Australia has re-approved a controversial plan for Indian mining conglomerate Adani to build one of the largest coal mines in the world. The mine has come under intense criticism from environmental groups.
Australia's environment minister, Greg Hunt, said on Thursday that the multi-billion dollar coal mining project would face "36 of the strictest conditions in Australian history." However, environmental groups vowed to continue opposition over a what they called a "complete disaster" for the climate and Great Barrier Reef.
Hunt said the court's concerns had been addressed through "rigorous conditions" to protect the two threatened species, as well as off-set measures for other environmental impacts.
The conditions include Adani implementing advice from an independent scientific committee, protecting the southern black throated finch's habitat and monitoring ground water in the Doongmabulla Springs.
Another 643,000 euro ($736,000) will be provided over 10 years for conservation research in the Galilee Basin, where the mine will be located.
"These measures must be approved by myself before mining can start," Hunt said, adding he had authority to revoke the approval and impose penalties if conditions are violated.
The Mackay Conservation Group, which filed the case in the Federal Court, said Hunt's approval "risks threatened species, precious groundwater, the global climate and taxpayers' money."
The conservation group said the new conditions did not address the impacts of the mine that "can't be offset."
The 28,000 hectare mine, which includes a rail link and port projects, would create 10,000 direct and indirect jobs and 14.1 billion euros in taxes and royalties, according to Adani. Those numbers have been challenged by those opposed to the mine.

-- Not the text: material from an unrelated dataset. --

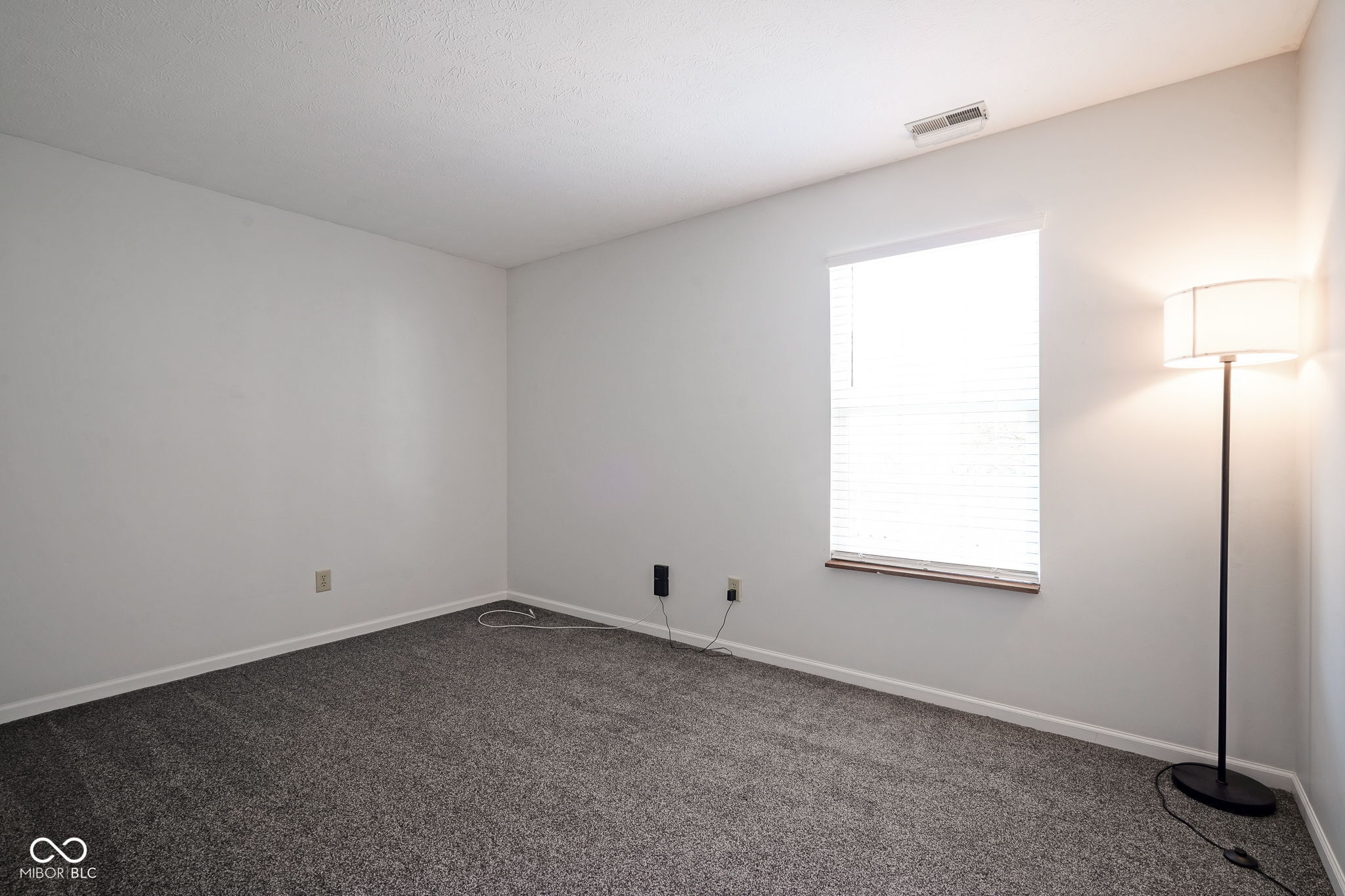 2789 Lucas Drive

"This project means more dredging in the Great Barrier Reef, more ships through its waters and more carbon emissions," Greenpeace campaigner Shani Tiger said.

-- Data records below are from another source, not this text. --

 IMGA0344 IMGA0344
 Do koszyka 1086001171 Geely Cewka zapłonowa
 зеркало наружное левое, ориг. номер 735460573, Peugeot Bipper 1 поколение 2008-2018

Adani welcomed Thursday's decision, but could still face a number of legal and bureaucratic hurdles as environmental groups vow to continue the legal fight. It has struggled for five years to get approval.
There remain questions over funding the 10.6-billion-euro project, which would produce 60 million tons of coal per year.
British bank Standard Chartered, the Commonwealth Bank of Australia and other major US and European banks have said they will not fund the project due to environmental concerns.